The constraint satisfaction problem (CSP) is a well-acknowledged framework for modelling and solving computational search problems. A more expressive framework that generalizes the CSP is the quantified constraint satisfaction problem (QCSP). Problems from areas as diverse as graph coloring, game playing, database theory, and non-monotonic reasoning can be naturally formulated in these frameworks.
Both of these problems are, in their general formulation, computationally intractable; the CSP is NP-complete, whereas the QCSP is PSPACE-complete. This intractability has motivated the pursuit of restricted cases of these problems that are tractable. One way to restrict these problems is by prespecifying the types of constraints that may appear. This line of work has its origins in a 1978 paper of Schaefer, who achieved a complexity classification of constraints over a two-element domain, but left open the question of such a classification over domains of larger size. Over the past decade, there has been dramatic progress on this question, largely due to a link between universal algebra and CSP complexity that has been identified.

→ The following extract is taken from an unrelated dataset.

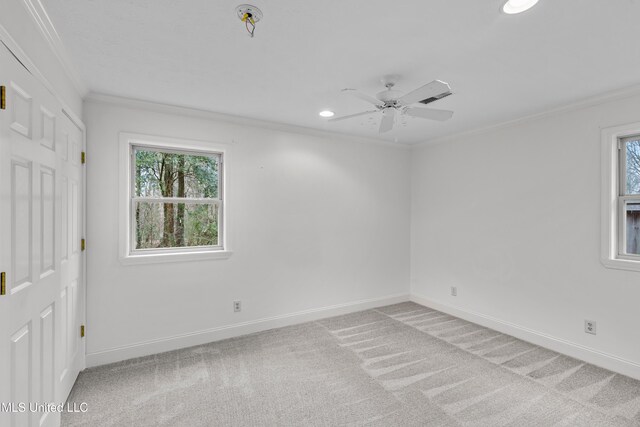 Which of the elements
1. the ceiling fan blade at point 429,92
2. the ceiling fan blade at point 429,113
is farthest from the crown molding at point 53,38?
the ceiling fan blade at point 429,113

This talk demonstrates how, with this link, algebraic techniques can be used to study QCSP complexity. We develop a new methodology for proving QCSP tractability results called collapsibility, which allows us to
- unify and identify common structure among the initial QCSP tractability results, which were proved using disparate proof techniques (in different decades!), and
- derive new QCSP tractability results.
Time permitting, we will also discuss recent progress on the case of 3-element QCSP.